Pierce also manages bringing favorite characters back from previous books without making readers cringe. Tell me you haven’t had this happen at least once; you read a book/manga or watch a movie/TV show and just love the story and characters to pieces so, when the tale comes to an end, there’s a bit of sadness. Then you catch word of plans to continue the story somehow (an unexpected sequel perhaps). Oh, the joy! You wait anxiously for it, counting the days on your calendar, but when you finally read/see it, it fails the original so badly you wish the creators had just left it and the characters alone. Luckily, I felt Pierce keeps the integrity of the old characters.

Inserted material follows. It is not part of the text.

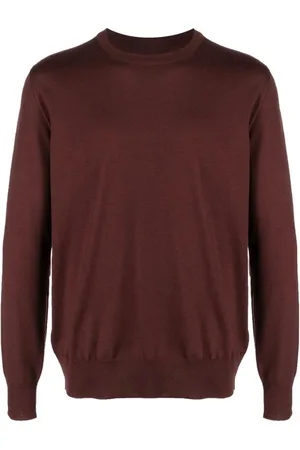 Jil Sander Truien, Heren, Bruin, M, Wol, Rondgebreide trui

As for the new characters, they’re excellent! My other fear when people make sequels about the children of the main character from the original story is that the child will be a copy of the parent. Aly’s character is well done, however. Readers of Song of the Lioness will recognize similar traits in Aly to those of her parents, but it’s a good mix, making Aly a fresh and unique character. She’s strong-willed like Alanna, but where her mother’s skill was fighting, Aly’s is her cunning. This is excellently portrayed early on when Aly is captured by those pirates. Thinking quickly, Aly deduces her situation and realizes she could easily by sold as a “bed warmer” as Pierce puts it. To avoid this fate, Aly purposely takes a beating before the slave auction begins, not only to ruin her looks, but also to mark herself as a troublemaker and therefore much less desirable as a slave. It takes some guts to let yourself get beat up and some brains to think that far ahead in such a bad situation. I also like the fact that when Aly is later offered the chance to erase scars left over from that beating and fix the bump created from breaking her nose, she declines, preferring to live with them.

But as most fiction with a strong female lead, Aly isn’t the only strong female character. Two of the Balitang children from the lord of the household’s first marriage are key players in this story. Teenagers Lady Saraiyu (Sarai) and Lady Dovasary (Dove) are part-raka and part-luarin, an unusual thing in a place where many luarins look down on the native raka and many of the raka hold deep feelings of hatred for the luarins who stole the land from them in the first place and now receive poor treatment. Because of their mixed heritage and noble bloodlines, Sarai and Dove are in the middle of those political schemes I mentioned earlier. However, these are no damsels-in-distress. Sarai excels at the sword despite being barred from practicing because of her gender and captivates people with her charisma. Her younger sister Dove is often overlooked because of her quiet nature and collectedness, but Dove is often just as sharp as Aly, reading situations and seeing between the lines before even her parents (and she’s excellent with a bow and arrow). As a bonus, the relationship between the girls is petty cat-fight-free. Other strong female characters include Dove and Sarai’s step-mother and the house cook who are also not to be underestimated.

Trickster’s Choice is yet another entertaining read from Tamora Pierce and the tension steadily builds as Aly and readers alike try to figure out just what others are hiding and scheming. I recommend this book for anyone who has read Pierce’s other works, those who are starved for more strong female characters, and/or anyone looking for a good fantasy filled with political plots, a little romance, and a lot of great characters. There is also a sequel to this book by the name of Trickster’s Queen.